Kedatangan Ketua BPK RI Hadi Poernomo ke Gedung Sate, diakui Hadi untuk mensosialisasikan tidak boleh lagi melakukan transaksi tunai dalam pelaksanaan proyek atau tender.

"Karena itu uang negara, jadi harus tahu, keluar pada siapa, berapa jumlahnya, untuk apa. Supaya tidak terjadi lagi yang fiktif atau mark up," katanya.

Menurutnya dengan transaksi non tunai mudah menelusurinya. Selain itu transaksi non tunai penting dilakukan untuk memastikan berapa jumlah transaksinya, serta lengkap tidaknya item transaksinya hingga kejelasan sumber transaksinya.

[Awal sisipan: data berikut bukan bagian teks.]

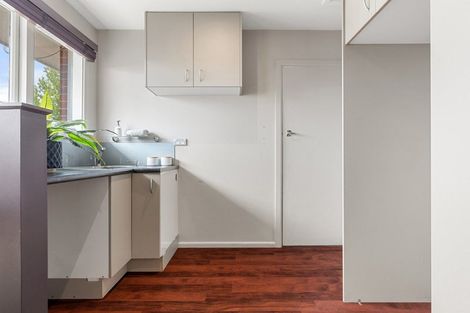 Photo of property in 33 Wingate Street, Redwood, Christchurch, 8051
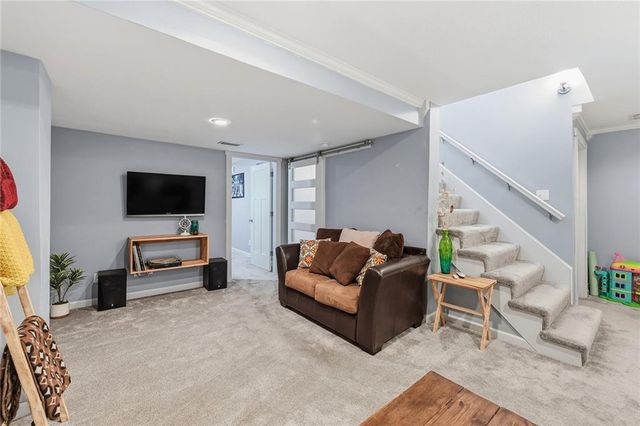 533 NE EMERALD Drive, Lee's Summit, MO 64064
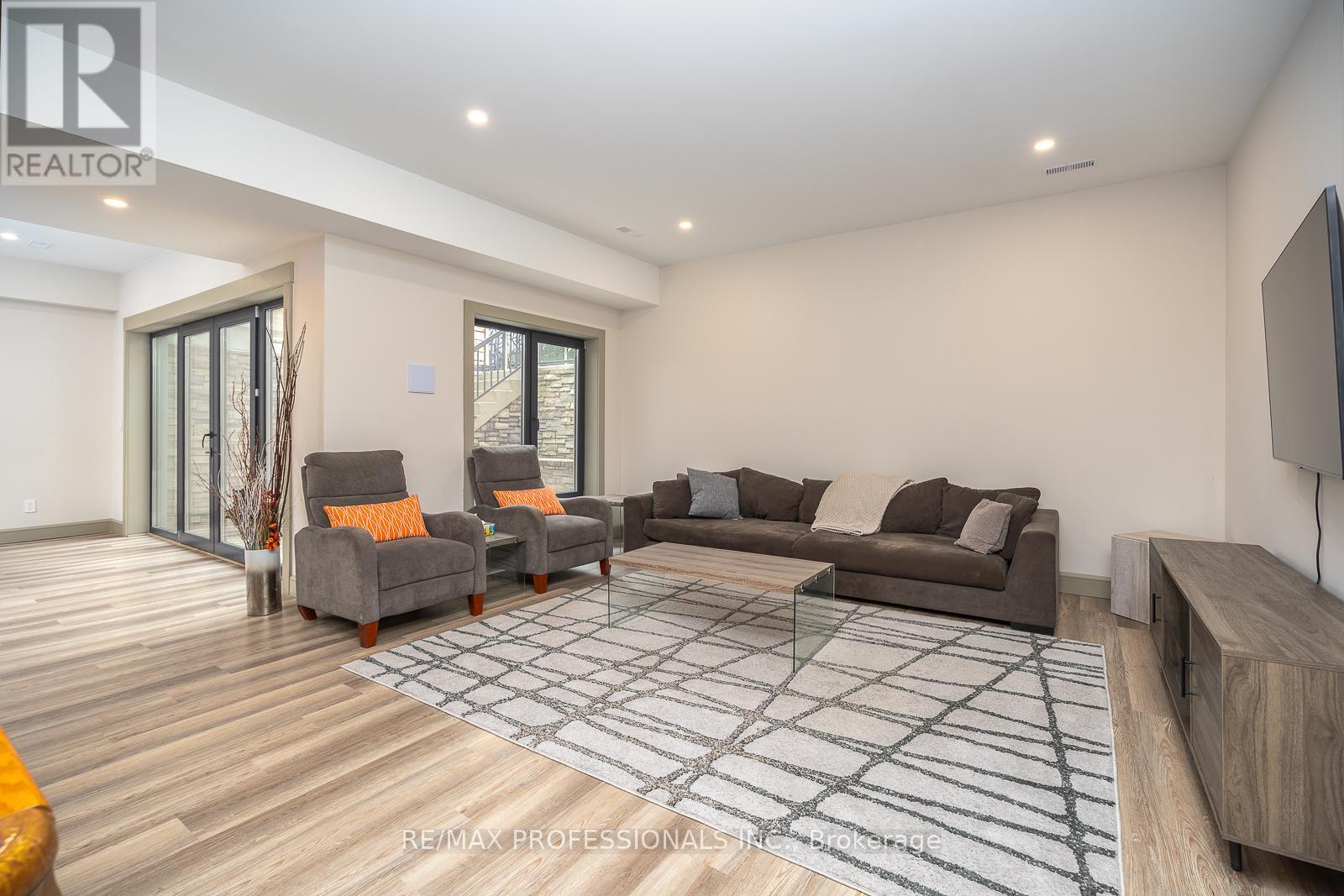 1039 Lorne Park Road, Mississauga, Ontario  L5H 2Z9 - Photo 39 - W13032352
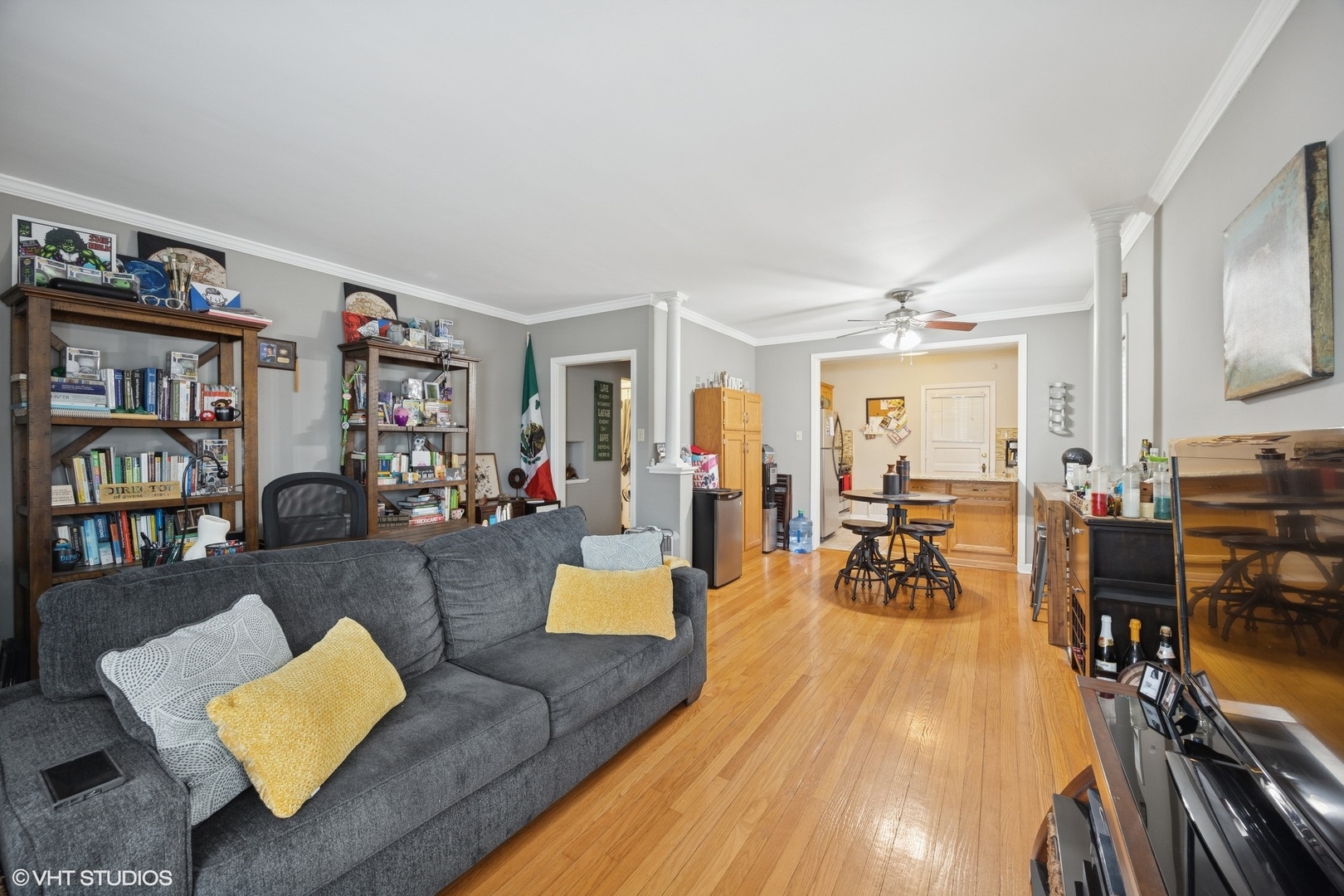100 Pine Avenue, Unit 3 Riverside, IL 60546 - Photo 10 of 14 a living room with furniture and a wooden floor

"Jadi kita menutup semua kesempatan terjadinya KKN. KKN itu terjadi karena ada niat dan kesempatan. Niat enggak mungkin ditutup karena ada di hati masing-masing. tapi kesempatannya kita tutup sehingga mempermudah pengawasan internal," tuturnya.

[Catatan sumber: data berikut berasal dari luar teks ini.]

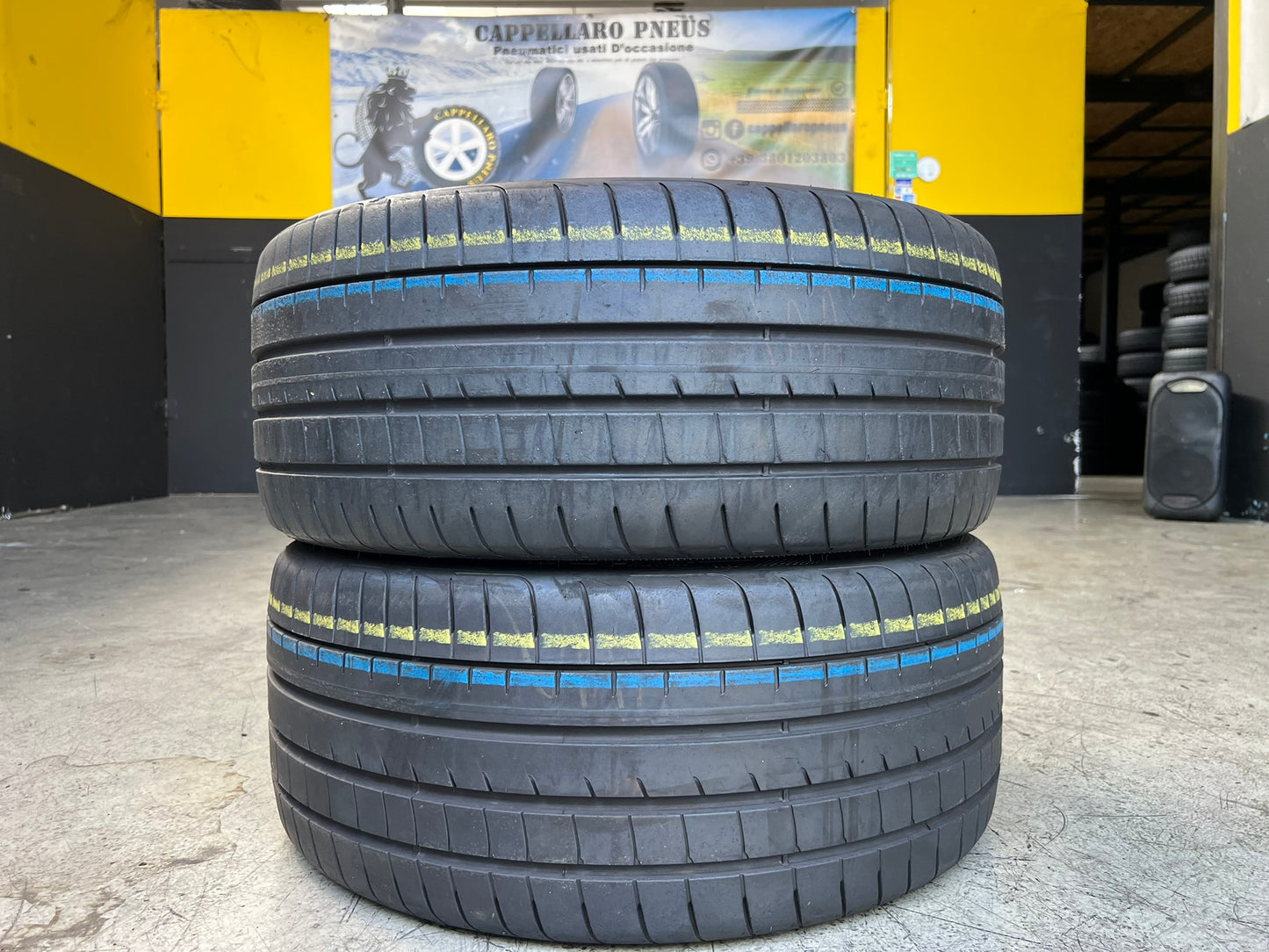 Usato: 2 Gomme 235/35R19 91Y XL Goodyear estive 90% residui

Hadi mengatakanimbauan ini dilakukan karena berdasarkan pengalaman BPK memeriksa sejumlah kasus seperti Kasus Hambalang, salah satu penyebabnya adalah karena tidak dilakukannya transaksi non tunai.

"Kalau dibayar tunai kan bisa terima 30 tapi tanda terima 50. Kalau non cash tidak bisa," kata Hadi.

Ia mengatakan, selama ini dari Pemda ke pihak ketiga (kontraktor) memang sudah tidak lagi tunai. Namun dari pihak ketiga ke rekanan seperti suplier, jasa dan lainnya masih bebas.

"Sekarang kita wajibkan juga untuk non cash. Karena itu kan uang negara," tambahnya. Untuk mengatur hal tersebut gubernur dapat memasukannya dalam surat perjanjian.

Dalam audit BPK nantinya pun itu bisa menjadi temuan BPK Jika kontraktor tidak melaksanakan hal tersebut. Perusahaan atau kontraktor tersebut bisa dikenai sanksi seperti di blacklist atau diputus kontrak.